Entah apa yang dipikirkan bocah ini cukup lama sampai akhirnya dia menjatuhkan bokongnya di kursi roda.
''Kak Enzo ngapain bawa aku ke sini sih??'' gerutunya.
''Gak ada alasan khusus,'' balas gue. Lalu mendorong kembali kursi rodanya ke tempat tujuan selanjutnya.
''Sekarang kak Enzo mau bawa aku ke mana?'' tanyanya menengok sebentar ke belakang dan jawaban gue hanya menggidikan bahu. Baim mendengus dan menolehkan kepalanya kembali ke depan.
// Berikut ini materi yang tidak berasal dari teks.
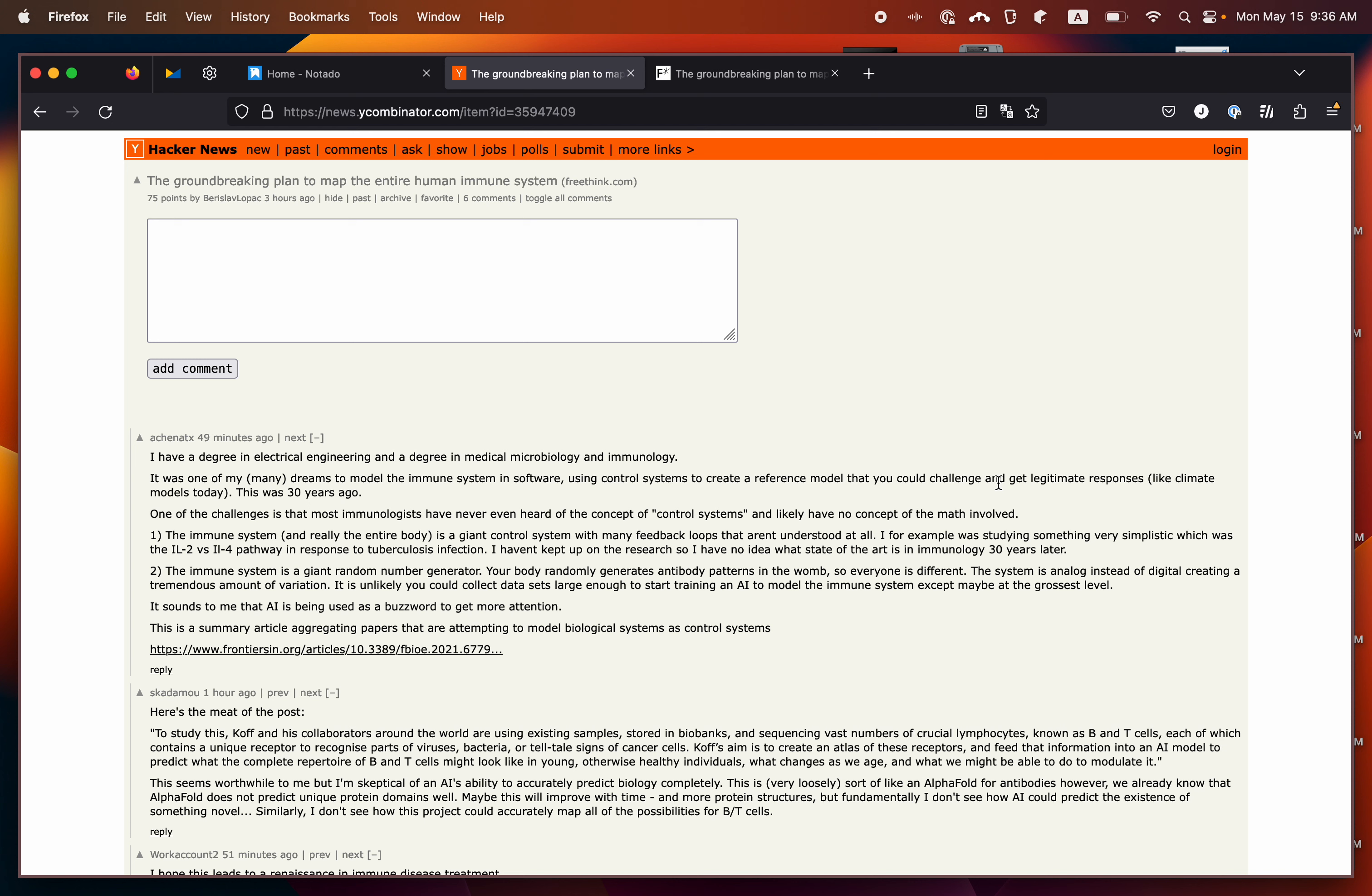In this video, I'm going to walk you through how you can save comments from Hacker News to your Notato account.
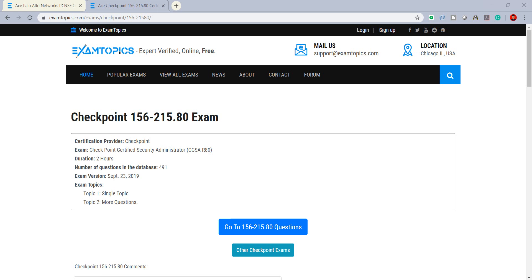The exam is Checkpoint Certified Security Administrator, CCSA, with a duration of two hours. For the number of questions in the database on the website, we have around 400 questions. The exam version is last September. For the exam topics, we have two — topic one is a single topic and the second one has more questions.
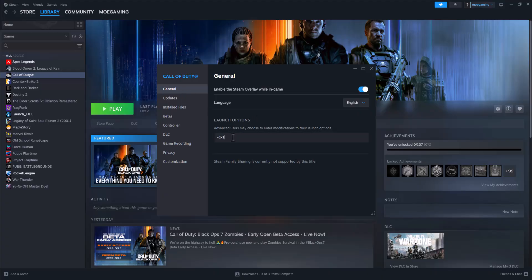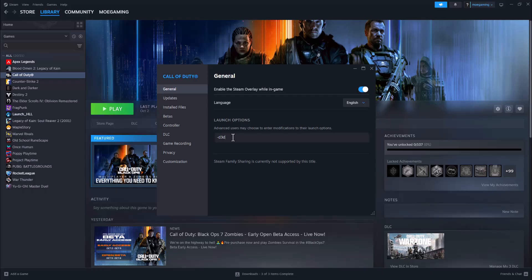I'm going to show you a few different launch options to try. The first one is -dx11. Try to run the game with this. Then the next one is -dx12, and try to run the game with that. And then the last one is -d3d11. Try these three and see if any of these fix it for you.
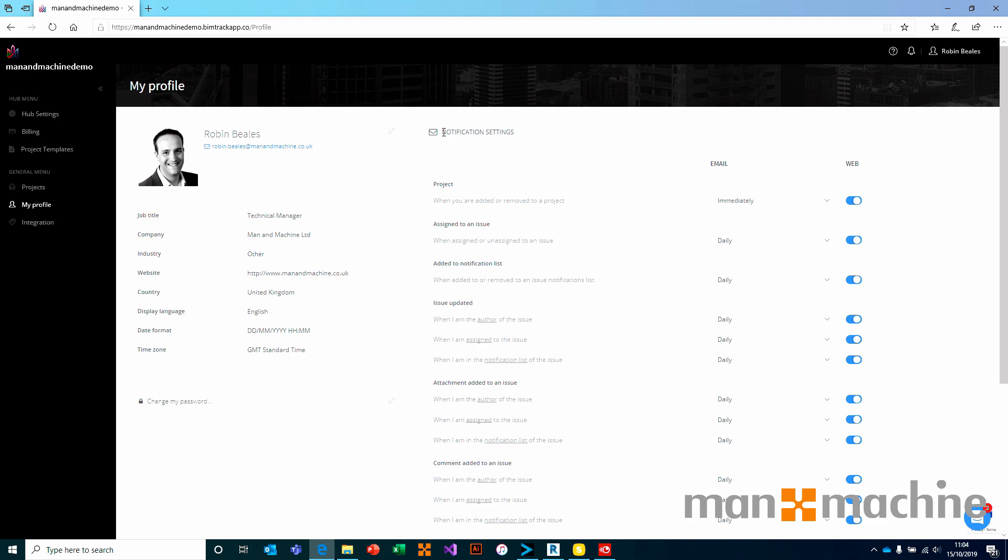This is great because it means if you're a fan of receiving bulk notifications and bulk emails whenever something happens, you can set it up that way. If you'd rather have a snapshot daily or whatever it might be, you can set it up that way. Really easy to do.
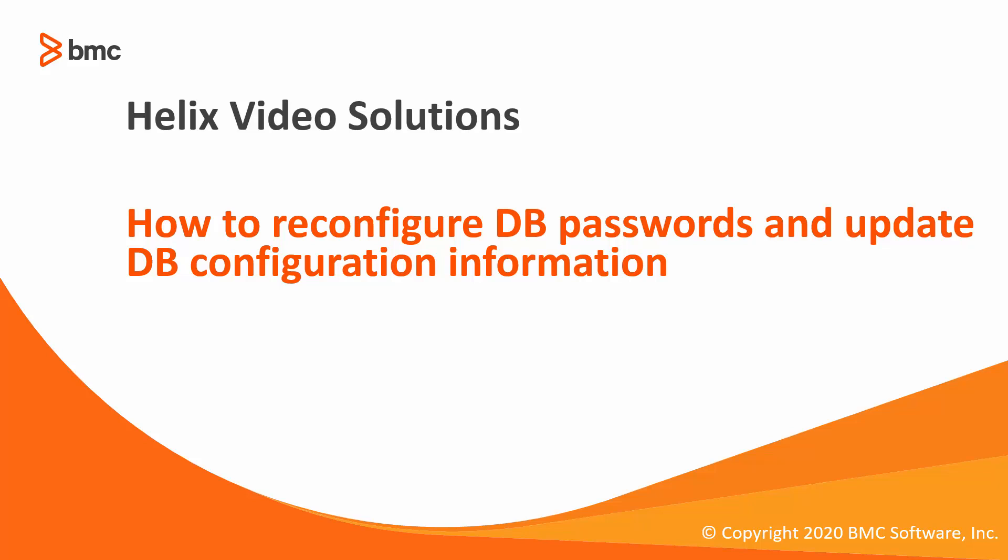In this video, we are going to discuss how to reconfigure TSCO to change the database user password or update the database instance TSPS, RSSO configuration information.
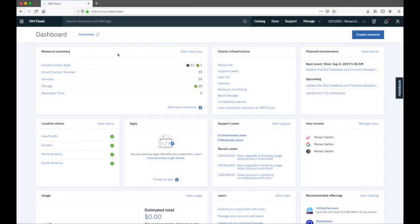In this video I'll take you through the steps required to build a custom model for Watson Visual Recognition that will allow the Visual Recognition service to detect objects within an image.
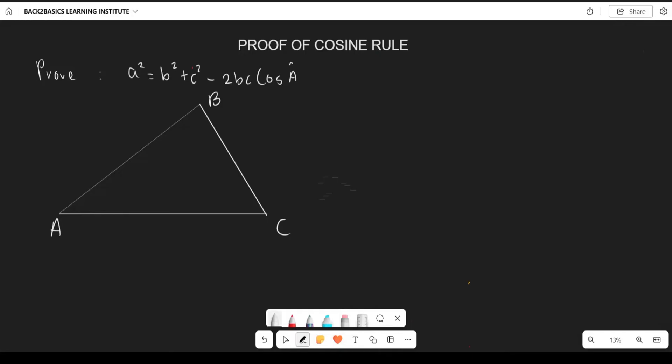If this is angle A, then the corresponding opposite side is side a (small letter a). If this is angle B, the corresponding opposite side is side b. And if this is angle C, the corresponding opposite side is side c (small letter c).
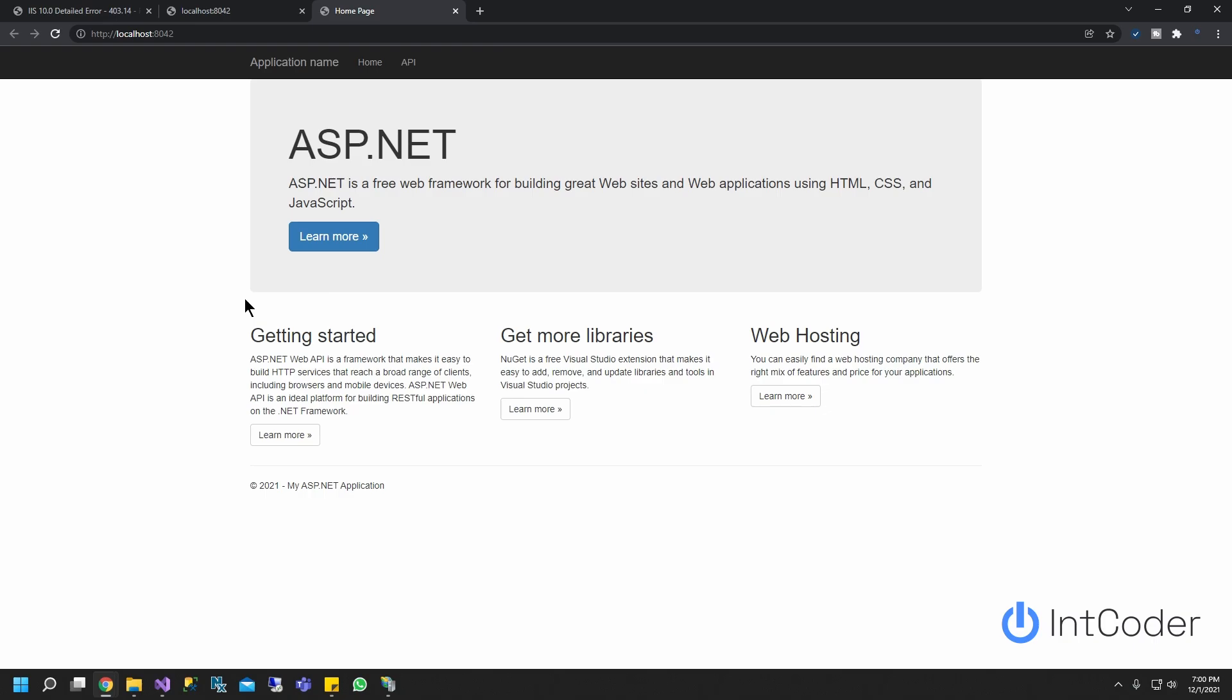So it's pretty straightforward. Pretty much the same steps as the older version of Visual Studio. So if you guys have any questions, just drop a comment below.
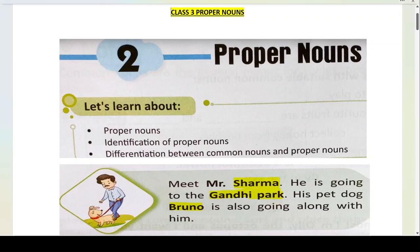Hello students and welcome to my channel. In this video, we shall study proper nouns of your class 3 grammar program. In the previous video, we had read about common nouns in chapter 1.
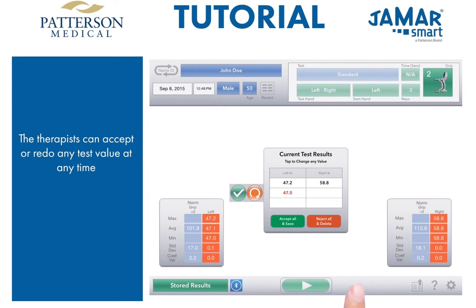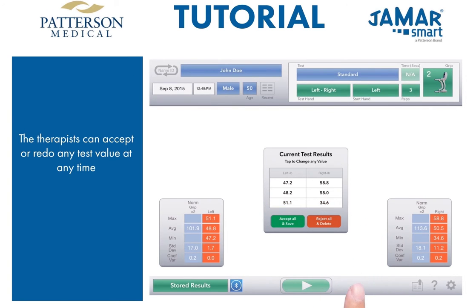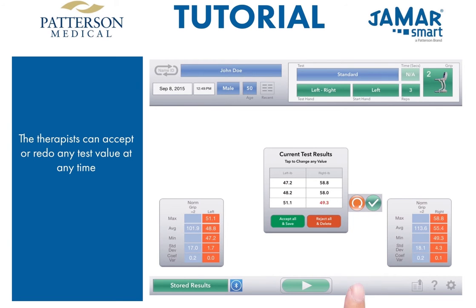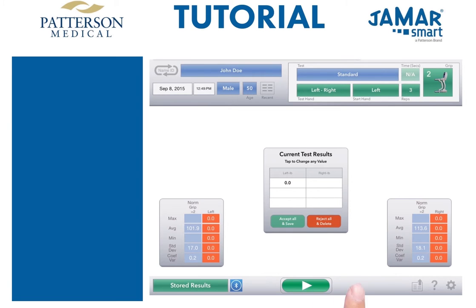You have the option to accept or redo any test at any time. Just tap the redo button and that value will reset to zero, allowing the test to be performed again. Once you are happy with the value, tap the check button to accept. After completing all three reps, if one value is not consistent with the others, simply tap that field to redo that trial. The tables show the statistics for this test and how that compares with the norms for this age and gender. Once we are happy with the results, all data can be stored for retrieval later by tapping 'accept all and save.'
Tak lama kami sampai akhirnya di ruangan tempat Ryan dirawat. Melalui kaca pintu kami bisa melihat Ryan kali ini sedang menjalani kemoterapi ditemani Aruna di sisinya. Ryan menunjukkan reaksi muntah-muntah di dalam sana.
''Kak Enzo, itu kak Ryan kenapa?'' tanya Baim dengan raut khawatir.
Gue mendesah. ''Gue gak tahu ini hal yang bener atau salah kalau gue kasi tahu lo tapi, gue rasa lo juga perlu tahu.''
Baim menunggu jawaban gue.
''Jangan bilang kak Ryan mengidap penyakit parah?'' tebaknya.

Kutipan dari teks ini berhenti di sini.